→ INPUT DATA:
═══
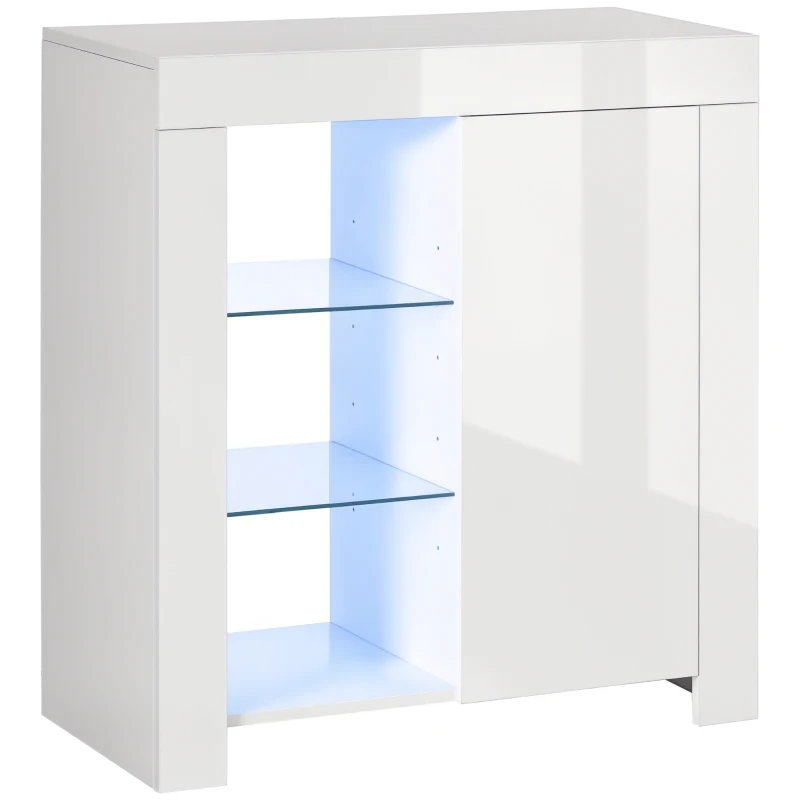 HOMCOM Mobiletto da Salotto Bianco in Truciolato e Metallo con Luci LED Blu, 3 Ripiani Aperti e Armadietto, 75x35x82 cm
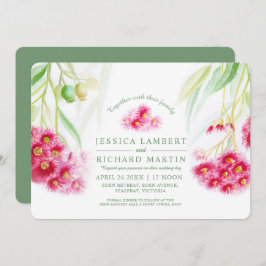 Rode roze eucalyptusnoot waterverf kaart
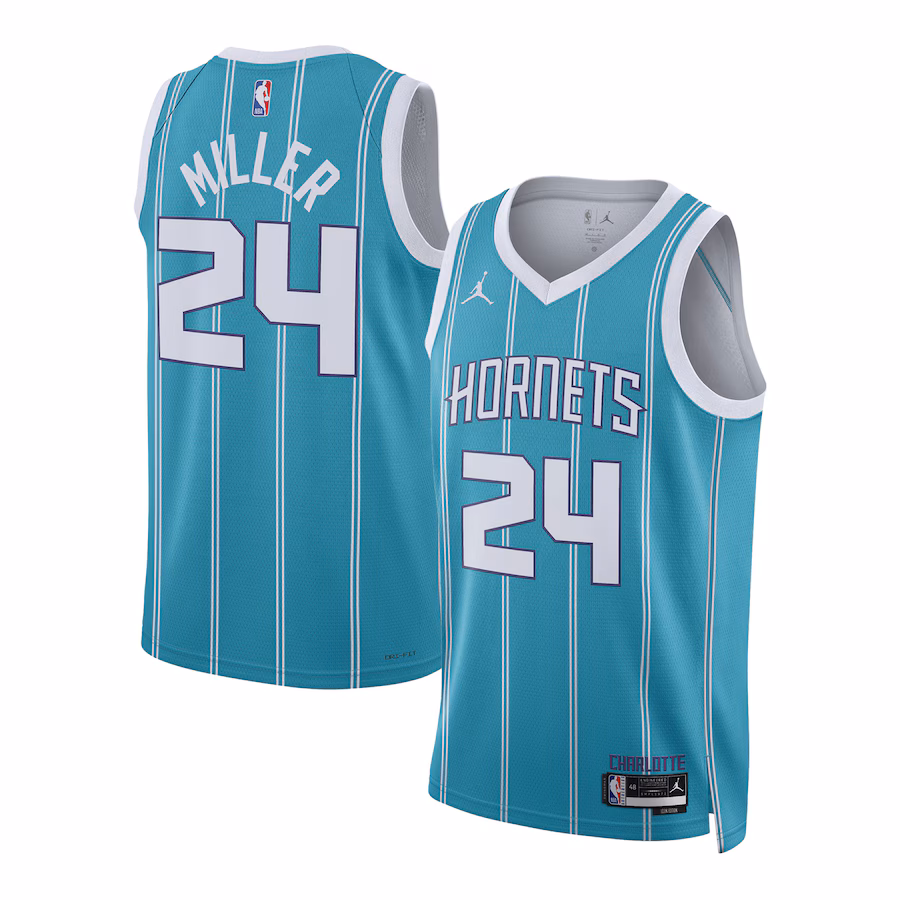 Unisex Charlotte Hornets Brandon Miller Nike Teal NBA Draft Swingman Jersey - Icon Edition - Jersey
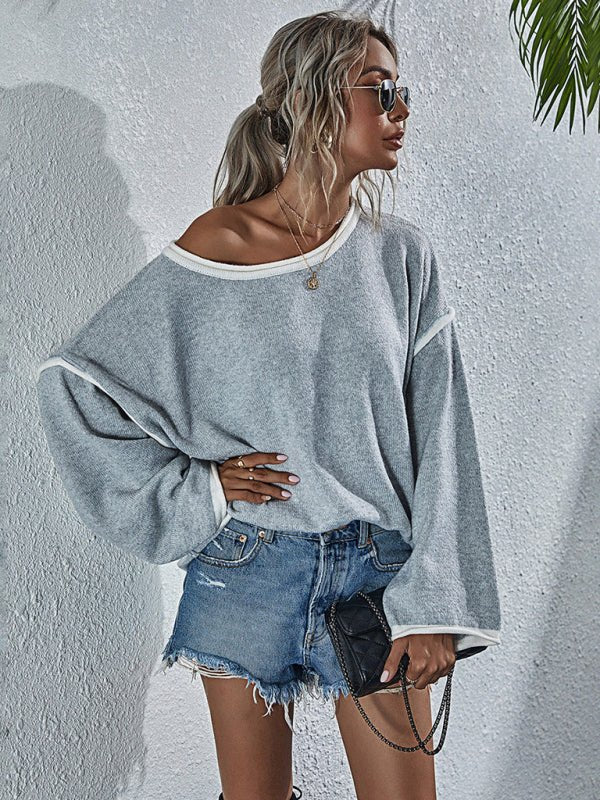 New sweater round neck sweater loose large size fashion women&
═══
→ TASK INSTRUCTIONS:
When copying the listing, skip the pictures and keep each line exactly as written.

→ EXERCISE RESULT:
 HOMCOM Mobiletto da Salotto Bianco in Truciolato e Metallo con Luci LED Blu, 3 Ripiani Aperti e Armadietto, 75x35x82 cm
 Rode roze eucalyptusnoot waterverf kaart
 Unisex Charlotte Hornets Brandon Miller Nike Teal NBA Draft Swingman Jersey - Icon Edition - Jersey
 New sweater round neck sweater loose large size fashion women&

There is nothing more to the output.